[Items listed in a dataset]
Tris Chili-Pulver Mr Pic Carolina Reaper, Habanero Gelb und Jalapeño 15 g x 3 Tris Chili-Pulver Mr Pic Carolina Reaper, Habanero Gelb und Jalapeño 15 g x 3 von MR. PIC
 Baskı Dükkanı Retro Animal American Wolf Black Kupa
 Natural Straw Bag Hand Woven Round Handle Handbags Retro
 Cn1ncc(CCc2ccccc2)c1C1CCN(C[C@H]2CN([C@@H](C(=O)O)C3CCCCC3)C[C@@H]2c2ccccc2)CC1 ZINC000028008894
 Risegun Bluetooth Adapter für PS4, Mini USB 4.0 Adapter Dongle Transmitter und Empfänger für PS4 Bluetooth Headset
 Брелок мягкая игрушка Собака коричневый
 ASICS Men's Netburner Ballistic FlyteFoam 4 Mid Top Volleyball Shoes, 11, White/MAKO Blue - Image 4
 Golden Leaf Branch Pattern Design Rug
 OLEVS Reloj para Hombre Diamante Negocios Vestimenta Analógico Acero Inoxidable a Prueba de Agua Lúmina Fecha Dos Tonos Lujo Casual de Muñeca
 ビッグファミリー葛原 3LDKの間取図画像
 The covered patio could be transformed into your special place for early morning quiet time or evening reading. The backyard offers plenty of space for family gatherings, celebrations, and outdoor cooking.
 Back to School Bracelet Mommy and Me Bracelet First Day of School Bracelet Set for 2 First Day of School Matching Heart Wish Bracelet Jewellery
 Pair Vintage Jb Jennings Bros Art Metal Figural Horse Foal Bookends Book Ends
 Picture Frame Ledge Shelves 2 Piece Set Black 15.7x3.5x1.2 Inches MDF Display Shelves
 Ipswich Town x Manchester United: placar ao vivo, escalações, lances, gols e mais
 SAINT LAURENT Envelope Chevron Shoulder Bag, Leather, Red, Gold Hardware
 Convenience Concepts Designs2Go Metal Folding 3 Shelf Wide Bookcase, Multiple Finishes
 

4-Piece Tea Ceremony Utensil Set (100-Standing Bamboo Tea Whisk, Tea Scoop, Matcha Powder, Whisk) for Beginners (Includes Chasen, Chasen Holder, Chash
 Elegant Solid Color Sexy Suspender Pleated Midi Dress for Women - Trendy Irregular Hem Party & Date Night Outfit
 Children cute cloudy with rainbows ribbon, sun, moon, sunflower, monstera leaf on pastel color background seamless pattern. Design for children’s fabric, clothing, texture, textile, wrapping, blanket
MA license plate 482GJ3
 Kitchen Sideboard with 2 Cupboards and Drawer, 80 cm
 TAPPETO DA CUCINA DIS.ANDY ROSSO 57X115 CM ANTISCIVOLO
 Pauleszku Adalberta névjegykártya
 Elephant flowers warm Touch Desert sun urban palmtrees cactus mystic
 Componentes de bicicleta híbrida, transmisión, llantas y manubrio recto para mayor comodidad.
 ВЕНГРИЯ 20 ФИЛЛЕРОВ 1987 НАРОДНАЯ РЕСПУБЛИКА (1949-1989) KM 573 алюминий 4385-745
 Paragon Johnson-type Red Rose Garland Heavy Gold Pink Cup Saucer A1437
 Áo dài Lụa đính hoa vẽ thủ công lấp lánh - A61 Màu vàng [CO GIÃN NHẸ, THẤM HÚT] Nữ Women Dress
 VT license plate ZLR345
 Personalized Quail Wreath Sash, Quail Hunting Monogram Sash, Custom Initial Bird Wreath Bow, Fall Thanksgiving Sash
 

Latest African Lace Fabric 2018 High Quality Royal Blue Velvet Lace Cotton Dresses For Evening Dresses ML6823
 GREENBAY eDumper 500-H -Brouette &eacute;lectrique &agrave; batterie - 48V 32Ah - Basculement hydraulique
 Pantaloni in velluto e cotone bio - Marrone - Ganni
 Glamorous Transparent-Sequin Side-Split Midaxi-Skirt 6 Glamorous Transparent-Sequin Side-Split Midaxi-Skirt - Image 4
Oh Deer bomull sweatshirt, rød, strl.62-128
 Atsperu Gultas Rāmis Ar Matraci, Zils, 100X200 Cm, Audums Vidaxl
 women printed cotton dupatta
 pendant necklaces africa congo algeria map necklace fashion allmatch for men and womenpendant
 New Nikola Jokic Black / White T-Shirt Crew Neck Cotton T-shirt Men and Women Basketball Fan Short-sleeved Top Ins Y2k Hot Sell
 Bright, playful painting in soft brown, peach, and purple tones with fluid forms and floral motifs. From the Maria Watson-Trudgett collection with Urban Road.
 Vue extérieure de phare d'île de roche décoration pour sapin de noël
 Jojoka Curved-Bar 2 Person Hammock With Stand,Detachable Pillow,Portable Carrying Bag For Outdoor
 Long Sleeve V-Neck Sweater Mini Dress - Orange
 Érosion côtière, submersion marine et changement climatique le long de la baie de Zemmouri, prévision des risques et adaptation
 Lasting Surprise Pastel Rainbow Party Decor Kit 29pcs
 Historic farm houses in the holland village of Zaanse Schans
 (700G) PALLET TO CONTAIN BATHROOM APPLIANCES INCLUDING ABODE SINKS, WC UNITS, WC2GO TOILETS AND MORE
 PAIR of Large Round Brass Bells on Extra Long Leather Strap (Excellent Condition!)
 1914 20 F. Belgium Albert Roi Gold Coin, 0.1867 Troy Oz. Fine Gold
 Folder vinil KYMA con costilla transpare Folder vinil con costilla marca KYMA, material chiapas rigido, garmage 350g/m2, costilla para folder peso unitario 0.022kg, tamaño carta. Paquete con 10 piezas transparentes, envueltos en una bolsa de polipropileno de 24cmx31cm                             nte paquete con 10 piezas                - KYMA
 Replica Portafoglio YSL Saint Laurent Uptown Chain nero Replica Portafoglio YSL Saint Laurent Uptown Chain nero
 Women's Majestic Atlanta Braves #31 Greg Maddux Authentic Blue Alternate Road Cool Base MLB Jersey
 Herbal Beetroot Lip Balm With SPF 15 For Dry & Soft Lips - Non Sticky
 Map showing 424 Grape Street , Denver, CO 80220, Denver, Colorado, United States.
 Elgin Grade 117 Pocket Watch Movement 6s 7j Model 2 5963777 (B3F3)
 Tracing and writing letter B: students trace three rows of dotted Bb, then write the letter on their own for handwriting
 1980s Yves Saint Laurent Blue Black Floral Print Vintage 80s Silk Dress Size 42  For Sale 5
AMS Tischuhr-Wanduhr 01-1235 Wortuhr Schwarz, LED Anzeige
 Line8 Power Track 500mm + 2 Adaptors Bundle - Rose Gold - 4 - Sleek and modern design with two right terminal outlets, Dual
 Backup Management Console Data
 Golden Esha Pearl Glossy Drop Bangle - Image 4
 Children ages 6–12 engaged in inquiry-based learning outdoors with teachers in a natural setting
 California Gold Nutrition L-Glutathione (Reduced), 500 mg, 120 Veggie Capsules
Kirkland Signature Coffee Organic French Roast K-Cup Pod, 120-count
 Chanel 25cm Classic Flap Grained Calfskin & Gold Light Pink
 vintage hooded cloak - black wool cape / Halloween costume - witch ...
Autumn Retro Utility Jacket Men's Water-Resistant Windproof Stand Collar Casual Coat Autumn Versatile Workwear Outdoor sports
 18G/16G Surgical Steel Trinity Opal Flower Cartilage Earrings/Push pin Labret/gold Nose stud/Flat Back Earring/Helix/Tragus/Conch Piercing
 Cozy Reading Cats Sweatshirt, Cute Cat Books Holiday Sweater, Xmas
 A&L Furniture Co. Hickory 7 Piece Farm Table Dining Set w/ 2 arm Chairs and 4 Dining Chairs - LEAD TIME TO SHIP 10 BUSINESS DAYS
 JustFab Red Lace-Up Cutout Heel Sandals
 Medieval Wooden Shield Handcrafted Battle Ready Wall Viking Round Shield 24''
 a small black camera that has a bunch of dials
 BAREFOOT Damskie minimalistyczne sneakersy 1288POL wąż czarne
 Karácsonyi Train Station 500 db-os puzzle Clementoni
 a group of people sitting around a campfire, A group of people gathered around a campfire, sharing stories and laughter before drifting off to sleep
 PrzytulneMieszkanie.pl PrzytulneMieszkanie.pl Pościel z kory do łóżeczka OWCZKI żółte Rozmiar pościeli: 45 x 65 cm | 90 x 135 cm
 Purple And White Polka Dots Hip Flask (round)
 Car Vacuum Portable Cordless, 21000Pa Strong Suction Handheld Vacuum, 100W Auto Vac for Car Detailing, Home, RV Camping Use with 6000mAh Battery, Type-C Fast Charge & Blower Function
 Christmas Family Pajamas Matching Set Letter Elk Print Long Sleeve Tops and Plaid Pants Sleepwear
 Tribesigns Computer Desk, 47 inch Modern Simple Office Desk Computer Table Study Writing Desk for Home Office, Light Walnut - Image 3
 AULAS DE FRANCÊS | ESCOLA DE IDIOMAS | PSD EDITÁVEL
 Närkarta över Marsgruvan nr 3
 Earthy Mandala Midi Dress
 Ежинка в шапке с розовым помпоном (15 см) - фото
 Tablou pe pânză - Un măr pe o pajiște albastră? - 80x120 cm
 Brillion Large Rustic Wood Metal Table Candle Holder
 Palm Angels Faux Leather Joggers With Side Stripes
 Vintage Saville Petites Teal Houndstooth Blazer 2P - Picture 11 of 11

» **Required work**
Give an exact copy of the lines above, from the top of the records to the line that contains "Picture Frame Ledge", taking in both ends.

» **Response area**
Tris Chili-Pulver Mr Pic Carolina Reaper, Habanero Gelb und Jalapeño 15 g x 3 Tris Chili-Pulver Mr Pic Carolina Reaper, Habanero Gelb und Jalapeño 15 g x 3 von MR. PIC
 Baskı Dükkanı Retro Animal American Wolf Black Kupa
 Natural Straw Bag Hand Woven Round Handle Handbags Retro
 Cn1ncc(CCc2ccccc2)c1C1CCN(C[C@H]2CN([C@@H](C(=O)O)C3CCCCC3)C[C@@H]2c2ccccc2)CC1 ZINC000028008894
 Risegun Bluetooth Adapter für PS4, Mini USB 4.0 Adapter Dongle Transmitter und Empfänger für PS4 Bluetooth Headset
 Брелок мягкая игрушка Собака коричневый
 ASICS Men's Netburner Ballistic FlyteFoam 4 Mid Top Volleyball Shoes, 11, White/MAKO Blue - Image 4
 Golden Leaf Branch Pattern Design Rug
 OLEVS Reloj para Hombre Diamante Negocios Vestimenta Analógico Acero Inoxidable a Prueba de Agua Lúmina Fecha Dos Tonos Lujo Casual de Muñeca
 ビッグファミリー葛原 3LDKの間取図画像
 The covered patio could be transformed into your special place for early morning quiet time or evening reading. The backyard offers plenty of space for family gatherings, celebrations, and outdoor cooking.
 Back to School Bracelet Mommy and Me Bracelet First Day of School Bracelet Set for 2 First Day of School Matching Heart Wish Bracelet Jewellery
 Pair Vintage Jb Jennings Bros Art Metal Figural Horse Foal Bookends Book Ends
 Picture Frame Ledge Shelves 2 Piece Set Black 15.7x3.5x1.2 Inches MDF Display Shelves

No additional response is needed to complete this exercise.